Information Regarding the Amendment
Reasons
for Name Change
The
board of directors believes the change of our name from YOU On Demand Holdings,
Inc. to Wecast Network, Inc. will be in our best interests as the new name
reflects the Companys new direction and strategy. The Company selected a name
that could better encompass and further establish its identity in the industry
and to more accurately represent its full portfolio of solutions and services
aimed at both a Chinese
and
global audience. This name change marks a new
and expanded focus, and it underscores the Companys firm commitment to offering
innovative products and solutions that go well beyond its current offering.
Approval
of Name Change
On September 12, 2016, the Board approved and on
October 6, 2016 the holders of 31,645,366 of the outstanding votes entitled to
vote on the matter, representing 56.33% of the votes of our issued and
outstanding voting shares, executed and delivered to the Company the written
consents approving the Amendment. Accordingly, in compliance with the laws of
the State of Nevada and our bylaws a majority of the outstanding voting shares
has approved the Amendment, and no other vote or proxy is required of the
shareholders.
Effect
on Shareholders
The
change of name will not effect in any way the validity or transferability of
stock certificates outstanding at the time of the name change, our capital
structure or the trading of our Common Stock on the NASDAQ Capital Market.

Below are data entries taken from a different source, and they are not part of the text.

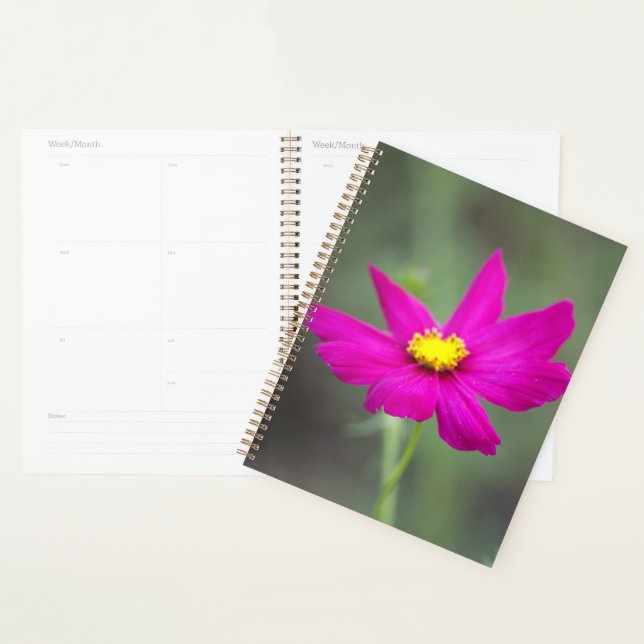 Planificador de Flor Rosa (Demostración)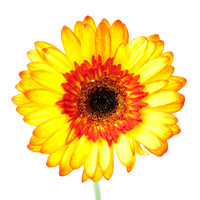 Gerbera flower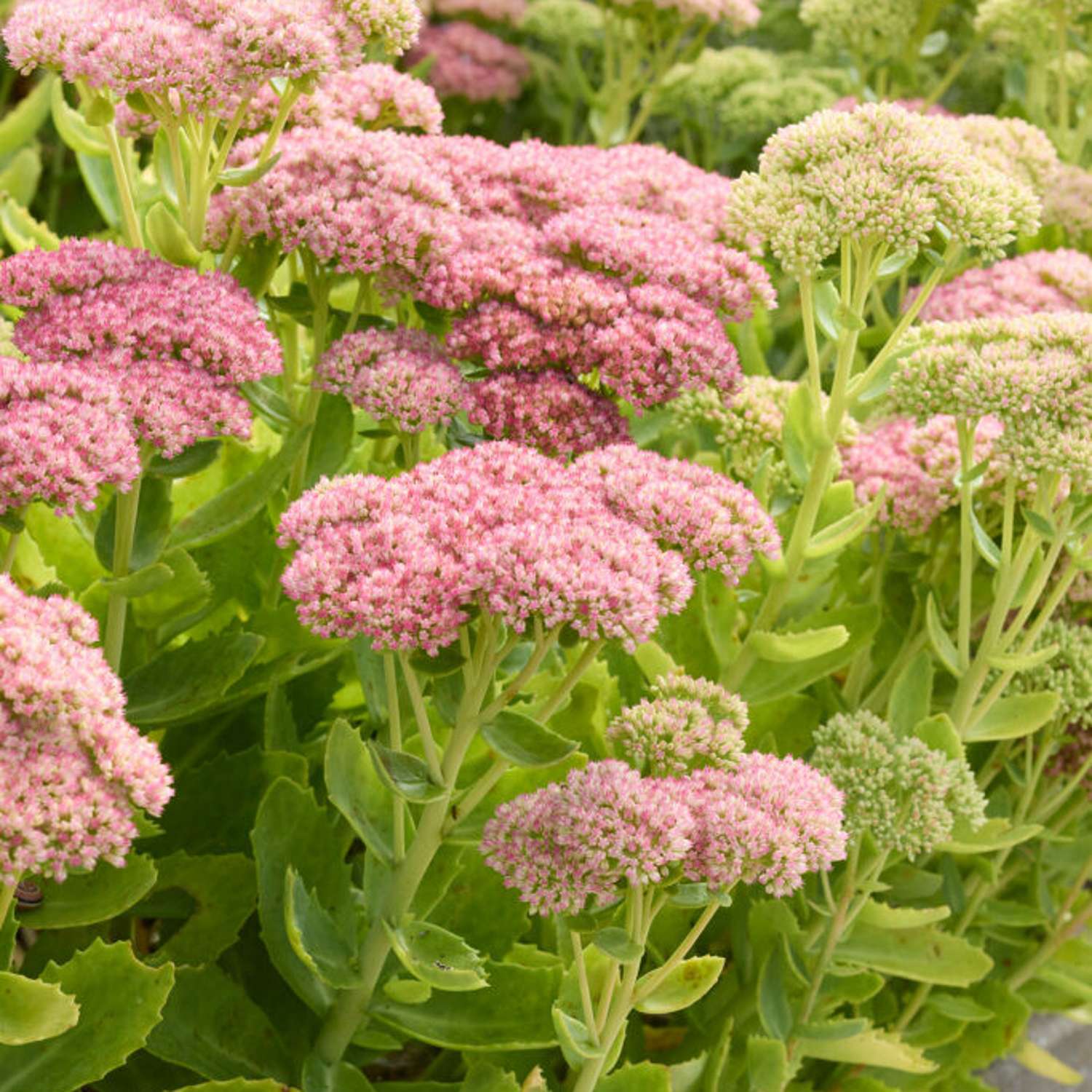 Sankthansurt 'Herbstfreude' (Sedum)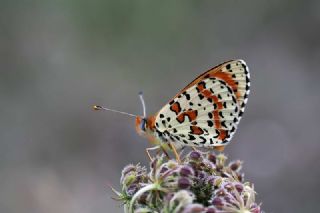 Benekli parhan (Melitaea didyma)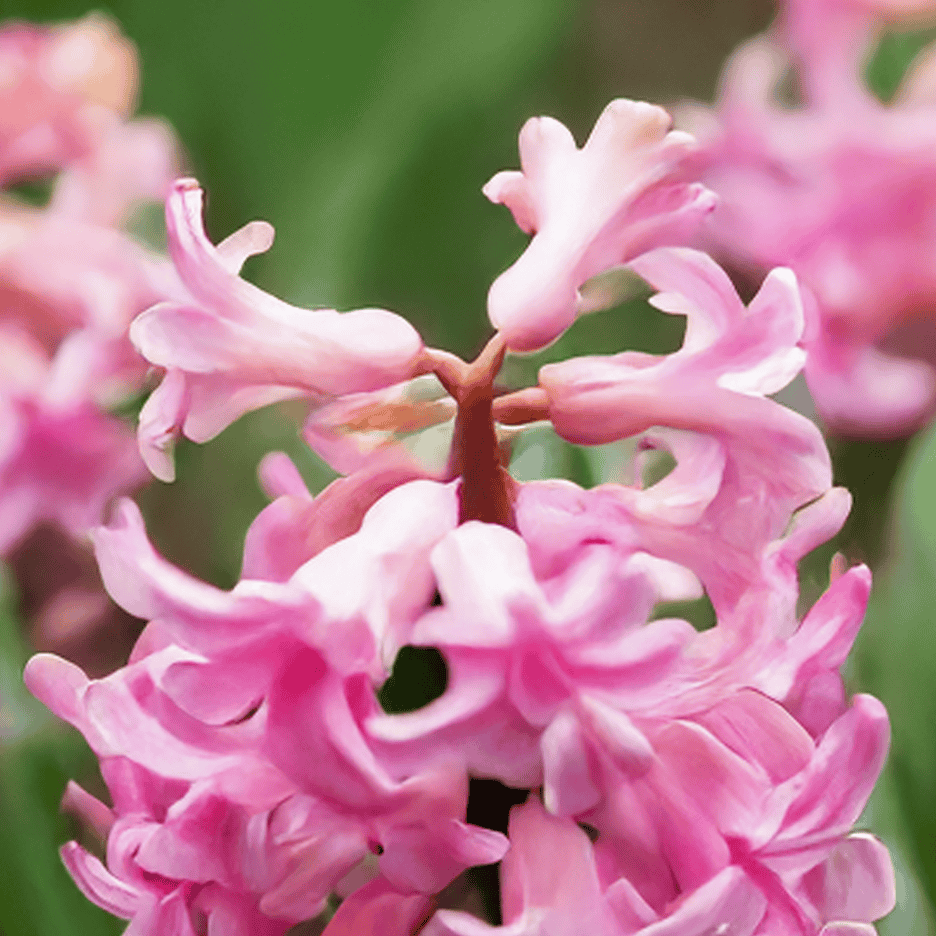 Nærbillede af lyserøde hyacintblomster med grønne blade i baggrunden.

Following implementation of the amendment, shareholders may continue to hold
their existing certificates or receive new certificates reflecting the name
change by delivering their existing certificates to the Companys transfer
agent.
Shareholders should not destroy any stock certificates and should not
deliver any stock certificates to the transfer agent until after the
effectiveness of the name change.
No
Appraisal Rights
Our
shareholders do not have any appraisal or dissenters rights in connection
with the approval or implementation of the Amendment.
3
Security Ownership of Certain Beneficial Owners
The following table sets forth information regarding beneficial
ownership of our common stock as of August 31, 2016 (i) by each person who is
known by us to beneficially own more than 5% of our common stock; (ii) by each
of our named executive officers and directors; and (iii) by all of our executive
officers and directors as a group. Unless otherwise specified, the address of
each of the persons set forth below is in care of YOU On Demand Holdings, Inc.,
375 Greenwich Street, Suite 516, New York, New York 10013.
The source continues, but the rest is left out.